Designing climate resilience into the fabric of the city

In response to increasingly intense rainfall driven by climate change, a climate adaptation strategy was developed for the City of Dorval that positions public space as a central component of urban resilience. Streets, parks, and public rights-of-way are reimagined not only as places for movement and gathering, but as active infrastructure capable of managing stormwater and reducing climate-related risks, while enhancing everyday urban life.

Based on a territory-wide assessment of the area’s vulnerabilities, drainage networks, and topography, the strategy addresses the combined pressures of an undersized stormwater system and growing precipitation intensity within a constrained urban fabric. Solutions are designed to be implemented primarily within public spaces, respecting existing parks, mature trees, and established streetscapes, while identifying opportunities where modest, well-integrated interventions can deliver meaningful impact. Budget estimates and cost-benefit analyses grounded in measurable environmental and social outcomes were delivered to support decision making by the City.

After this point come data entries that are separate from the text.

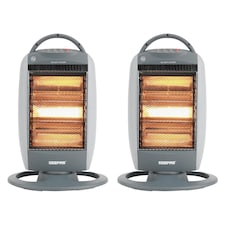 GEEPAS 1200W Halogen Heater Pack of 2 - Grey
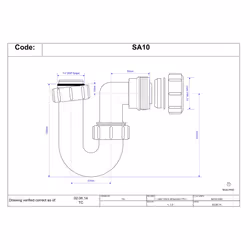 McAlpine SA10 1.25" 75mm Water Seal Tubular Swivel 'P' Trap with Multifit Outlet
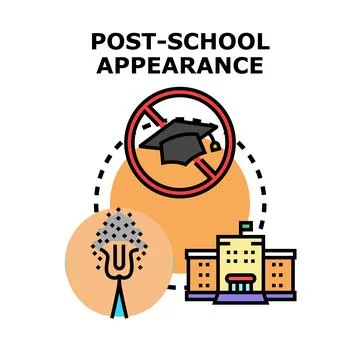 Post school appearance concept with professional icon set Stock Illustration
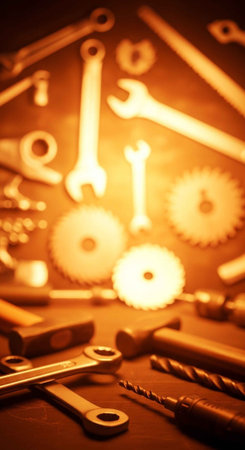 A collection of various tools and gears on a workbench in a workshop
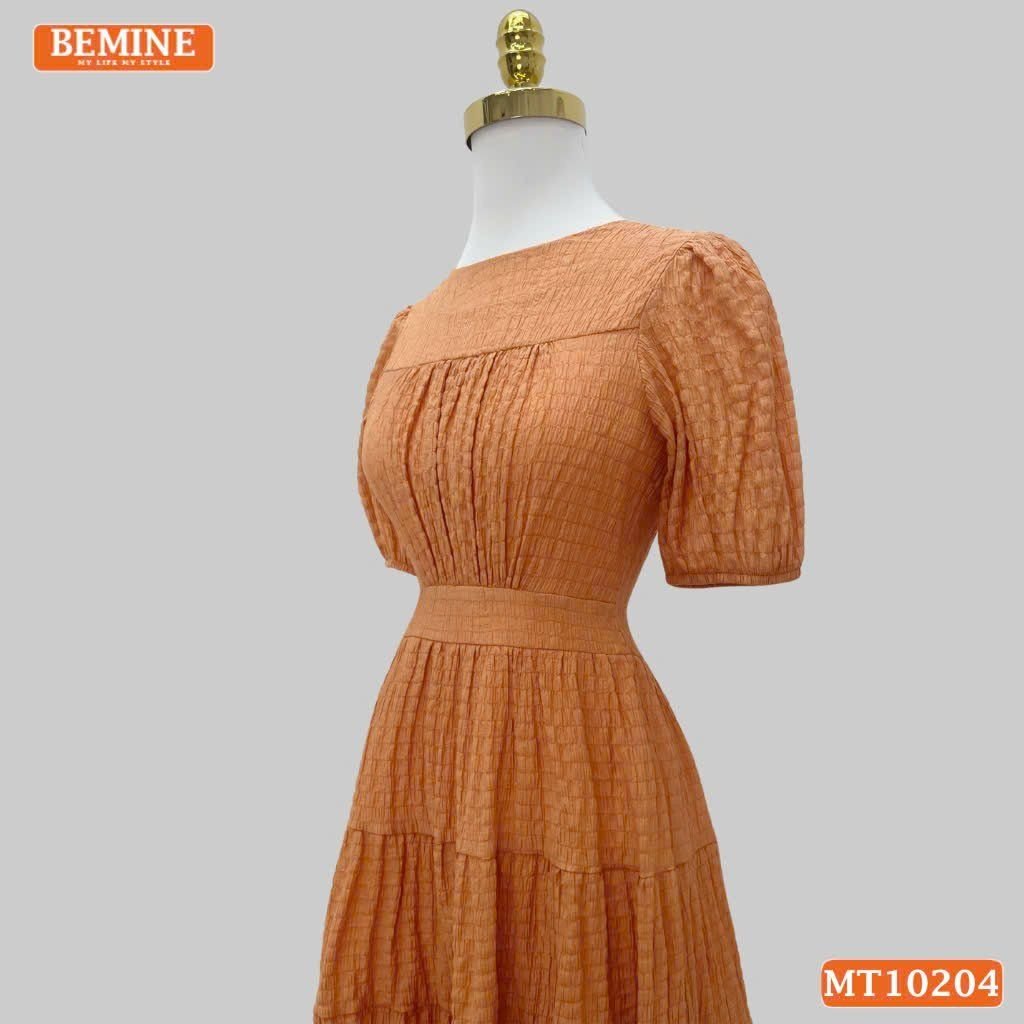 Đầm maxi BEMINE cổ tròn xốp nhún tay phồng dáng xòe phù hợp đi chơi-MT10204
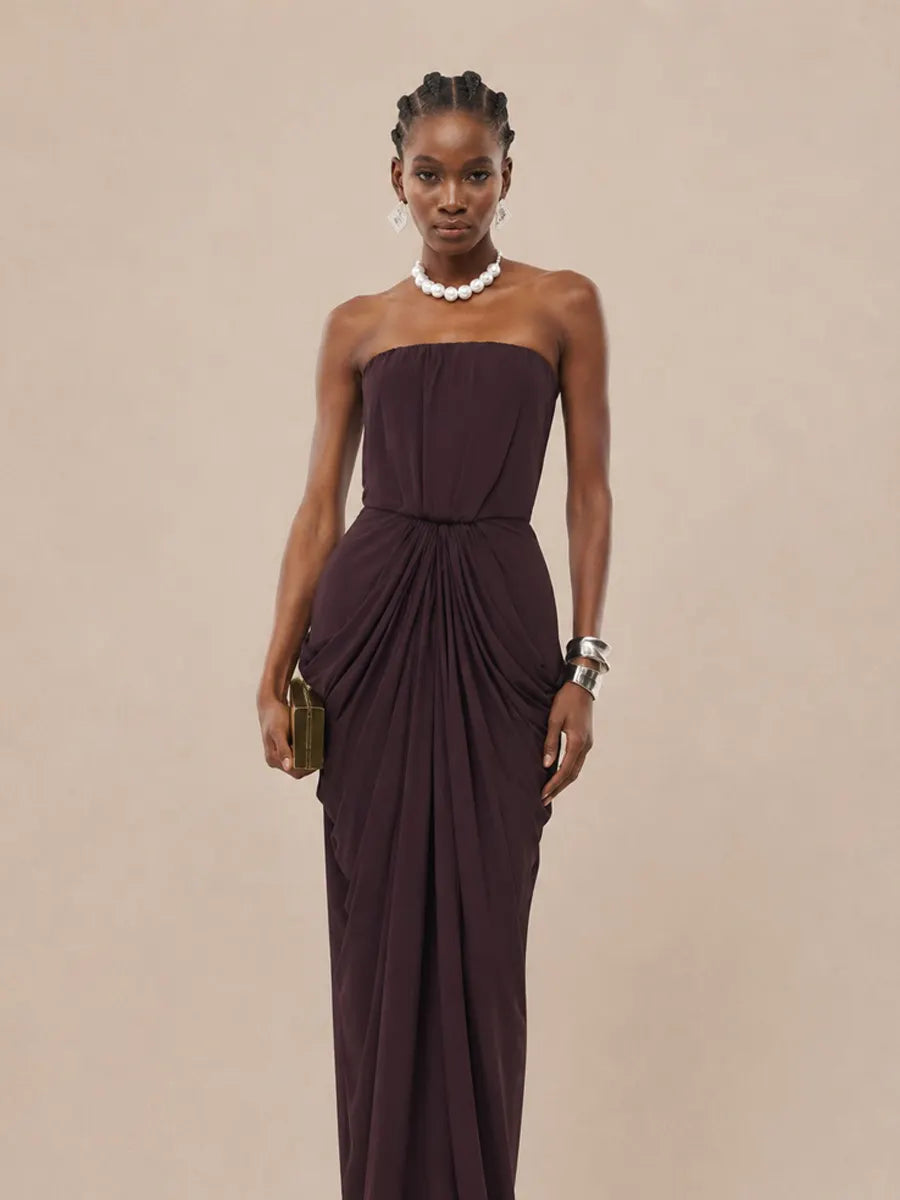Seraphine Minimalist Pleated Strapless Maxi Dress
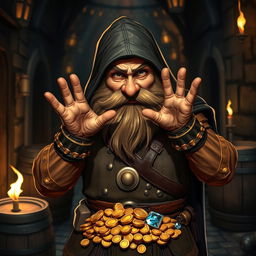 A clever dwarf thief holding his hands in a pose reminiscent of the 'Albian Eagle', showcasing a confident and playful demeanor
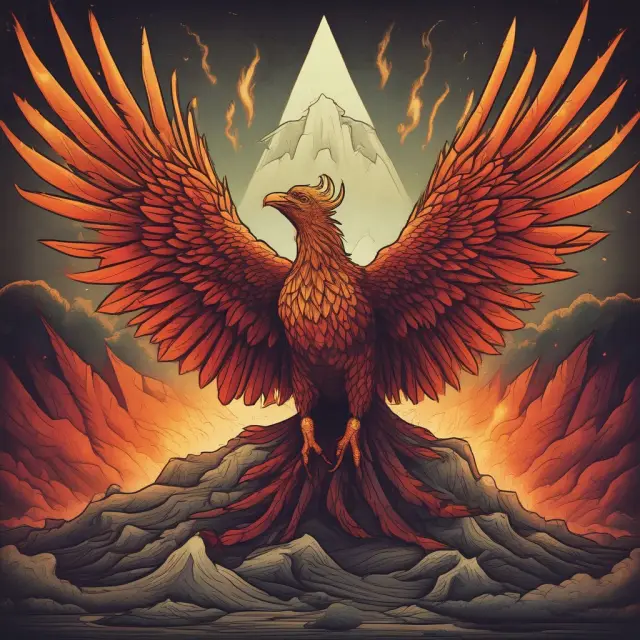 A bullish reversal of a descending triangle visualized as a phoenix rising from the triangle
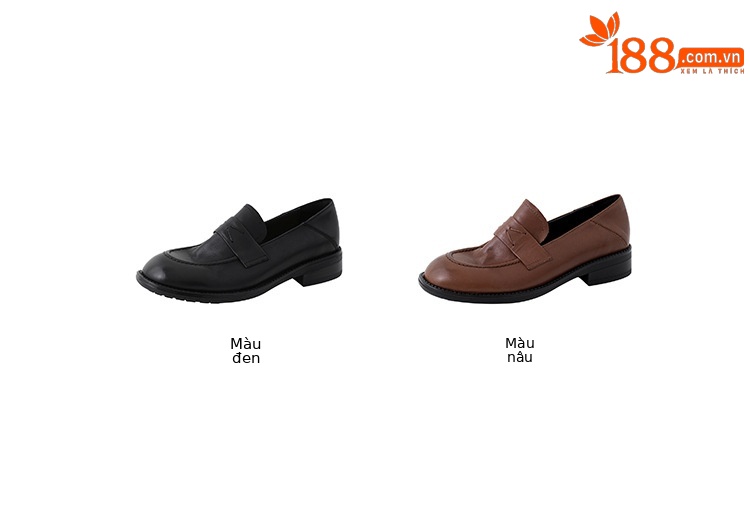 Giày lười nữ da bò mũi tròn đế bệt cổ thấp — màu nâu chi tiết 3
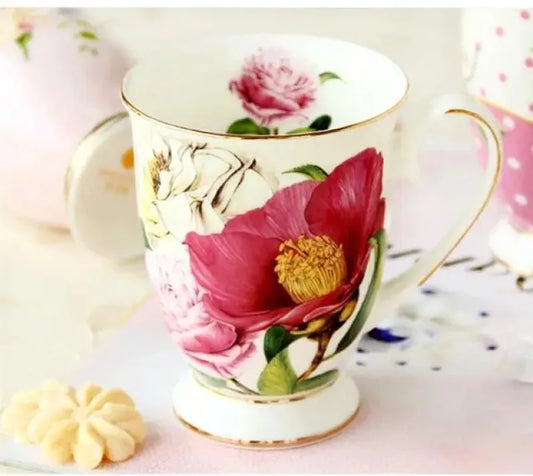 Elegant Bone China Coffee Cup - Floral Design | 300ML Porcelain Mug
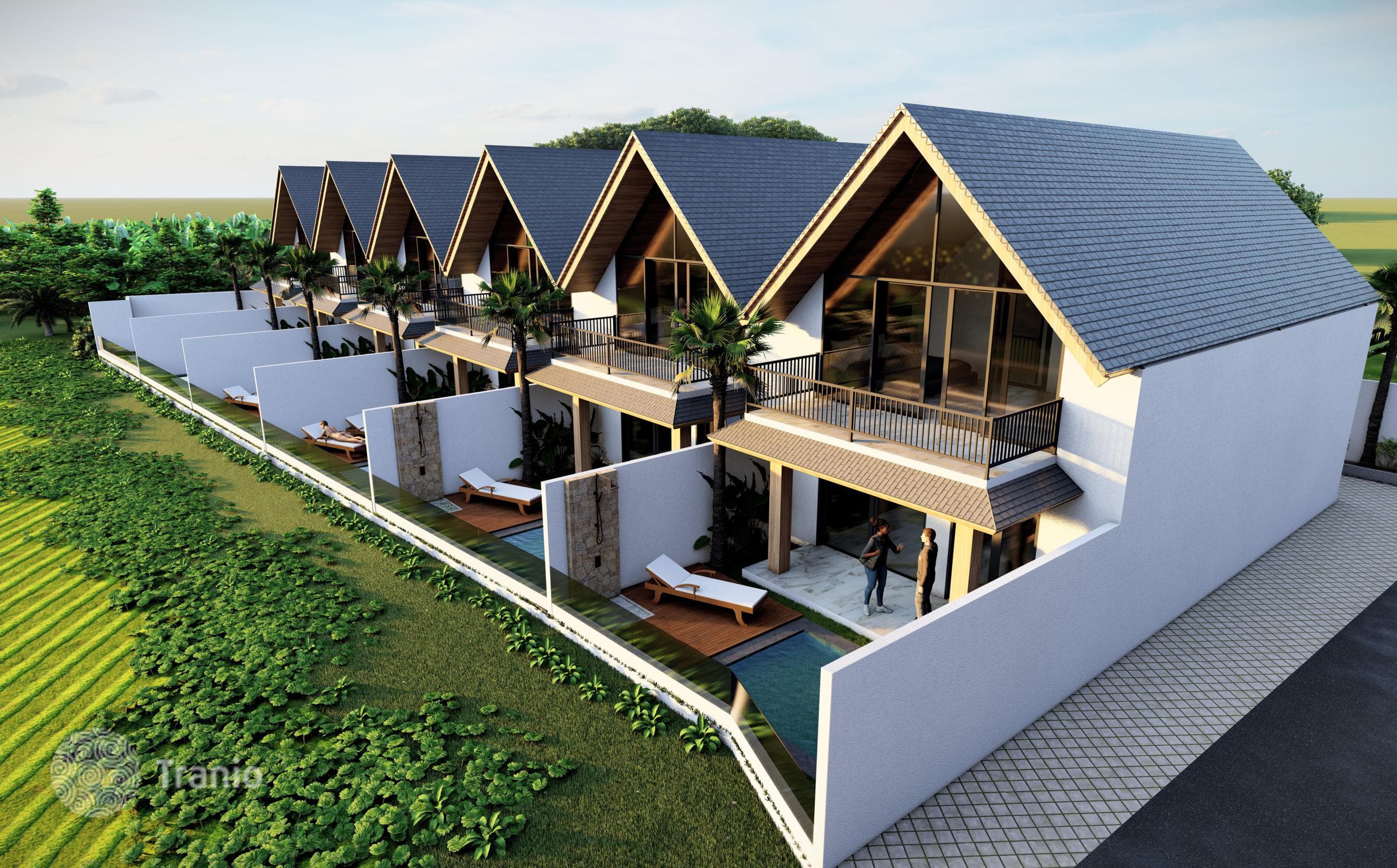 2-Story Townhouses with Rice Field Views in Canggu, Bali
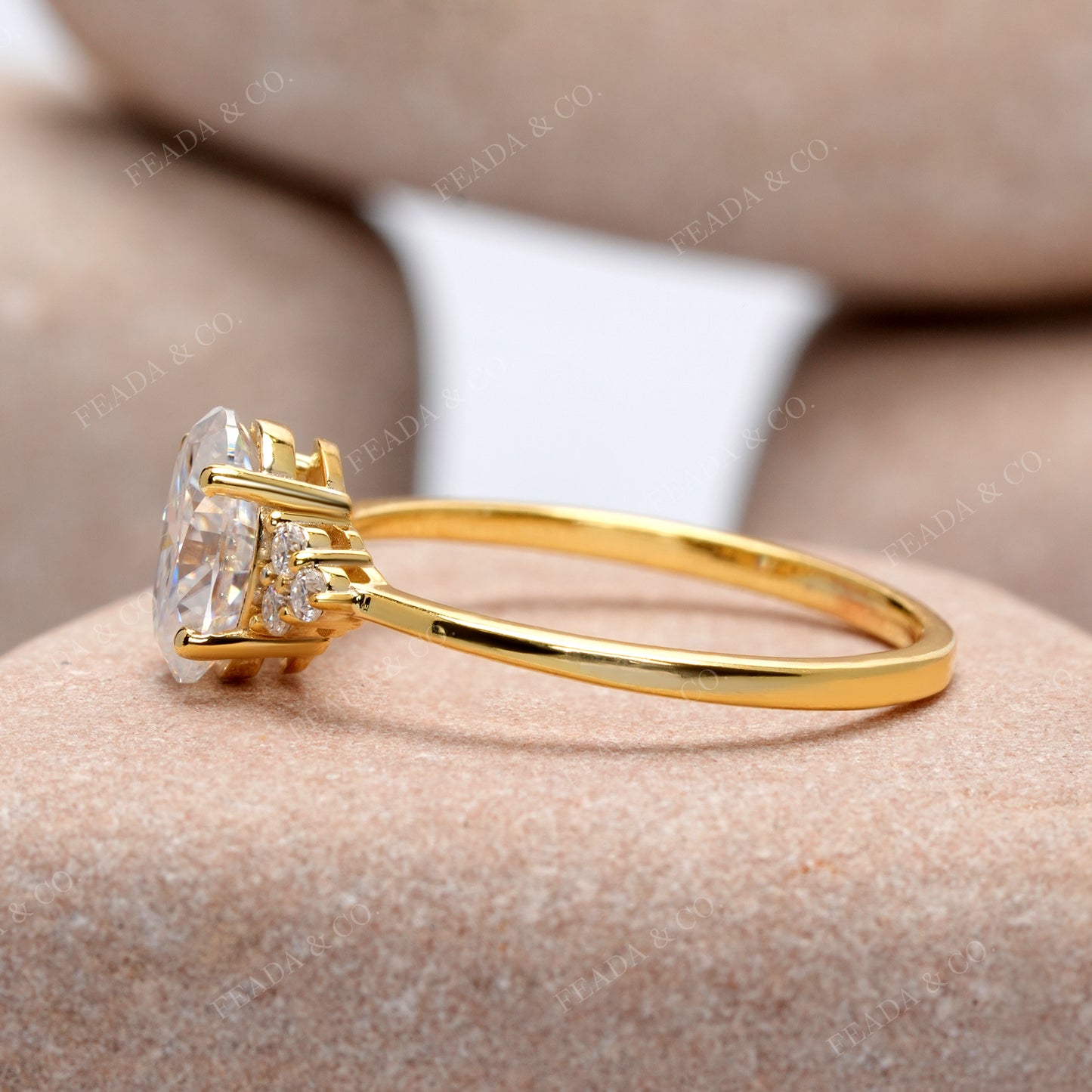 Oval Cut Diamond Gold Ring with Side Stones
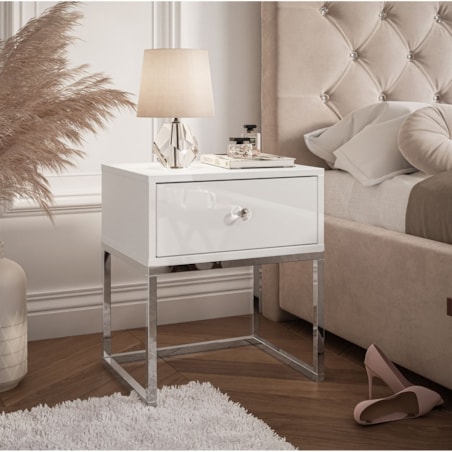 Stolik nocny BLANCO GLAMOUR 45x53x36,6 cm biały high gloss na chromowanym stelażu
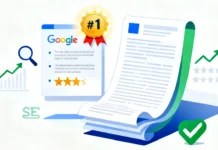 Blog Post Ranking Factors: Why Longer Posts Don’t Always Win in 2026 Flat illustration showing blog post ranking factors — short focused content outranking long articles on Google in 2026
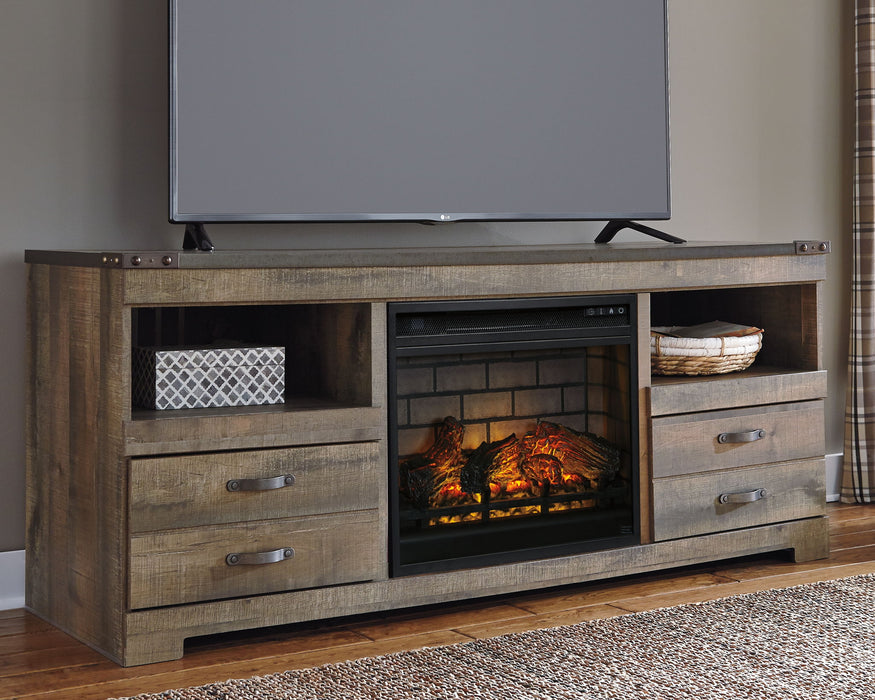 Trinell - 63" TV Stand With Glass/Stone Fireplace Insert - Brown Signature Design by Ashley®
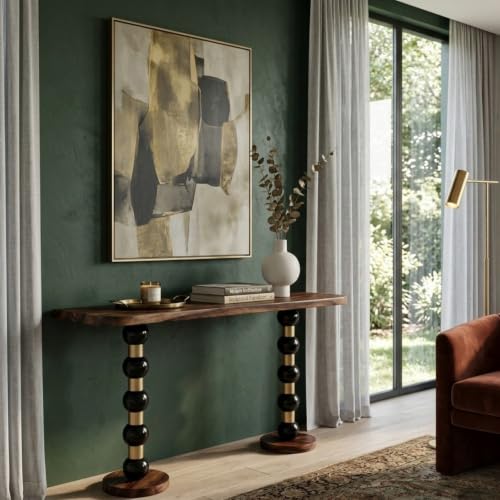 Image of Sheesham Wood TV Unit for Living Room | Entertainment Console Table | Modern Oval Top with Turned Spindle Legs | Wooden Media Stand for Smart TV, Set Top Box & Decor Display| Light Walnut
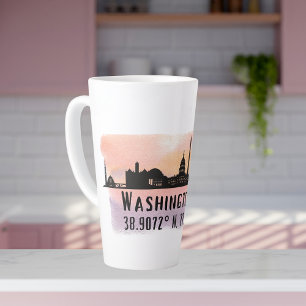 Caneca De Café Latte Washington DC Skyline Latitude e Longitude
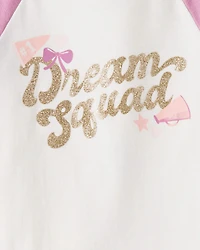 Girls Cheerleading Print 100% Cotton Long-Sleeve 4-Piece Pajamas - White/Pink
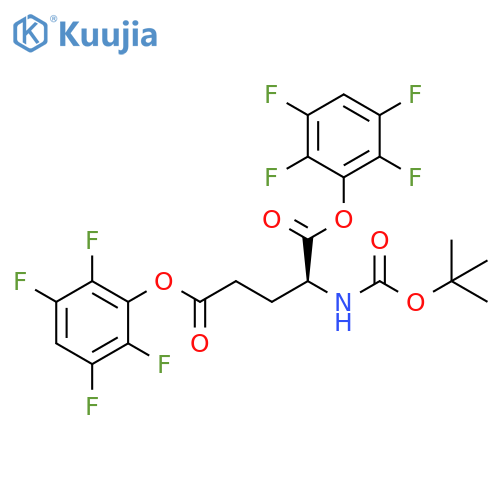 L-Glutamic acid, N-[(1,1-dimethylethoxy)carbonyl]-,bis(2,3,5,6-tetrafluorophenyl) ester structure
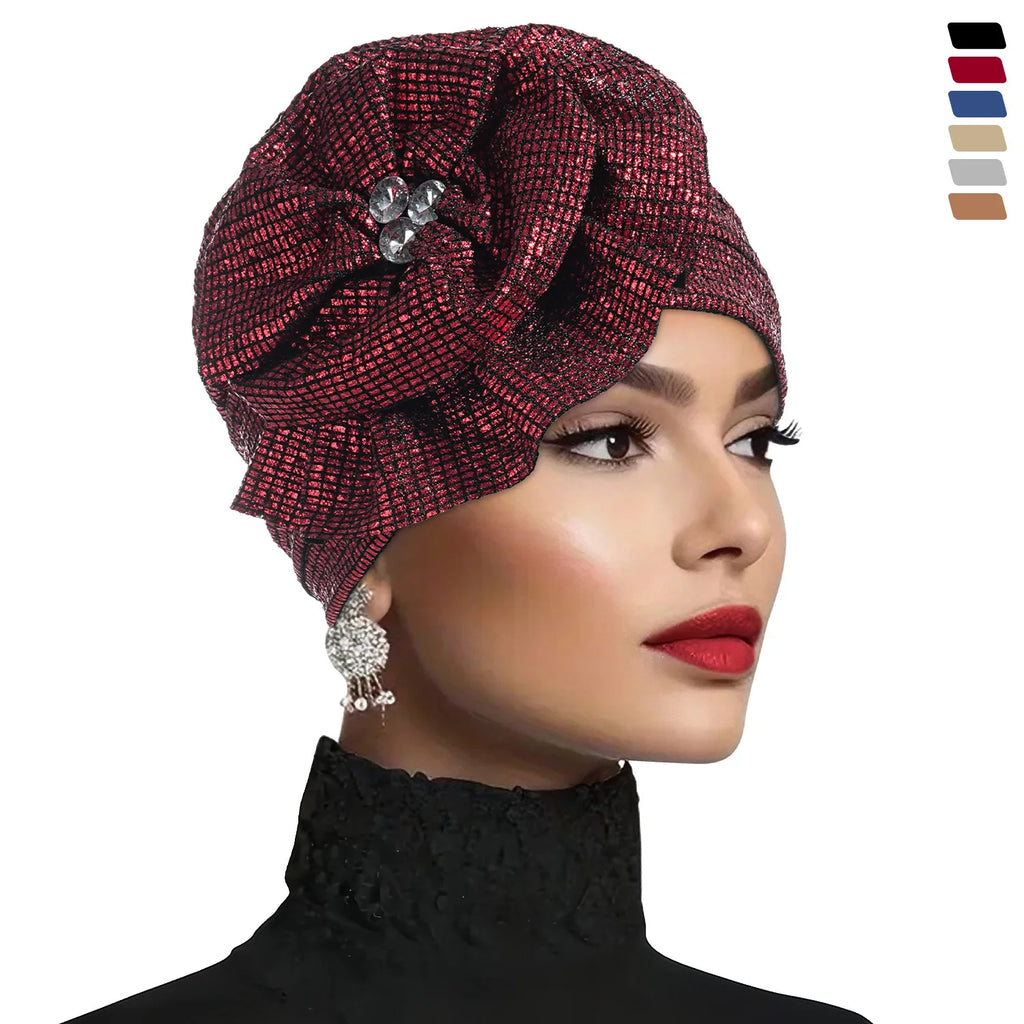 Women Glitter Turban Hat Rhinestone Flower Hijab Bonnet Cap Turban Hat Richie's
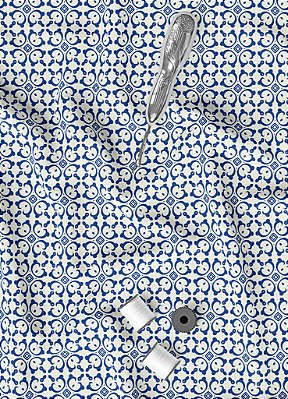 Tecido Oxford Estampa Digital Arabesco Azul Boavista 1,55m de Largura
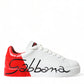 Chic Red and White Leather Sneakers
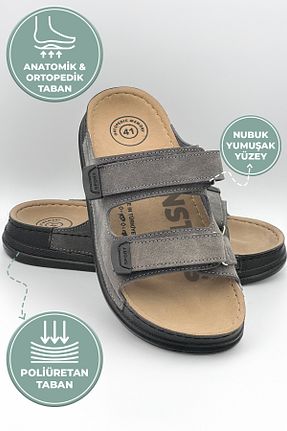 دمپائی طوسی مردانه نبوک Beınsteps - کد 891040117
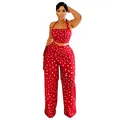 Detail van een tweedelige dames set in het rood met polkadots, crop top en broek met franjes. - S / Boven- En Onderstuk / Rood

Across selected streets and parks in Dorval’s residential neighbourhoods, proposed interventions introduce planted basins, rain gardens, bioswales, and shallow landscaped depressions that temporarily capture, store, and treat surface runoff during heavy rainfall. These features provide long-term value in terms of climate resilience, reduced damage from extreme weather events, improved comfort, and healthier, more adaptable public spaces. They notably present the ability to cool surrounding areas, improve air and water quality, and add new layers of greenery to the urban landscape.

The global strategy functions as a flexible and replicable catalogue of interventions adaptable to varied urban conditions over time. Bringing together landscape architecture, urban planning, and civil engineering, the project makes climate adaptation visible and experiential.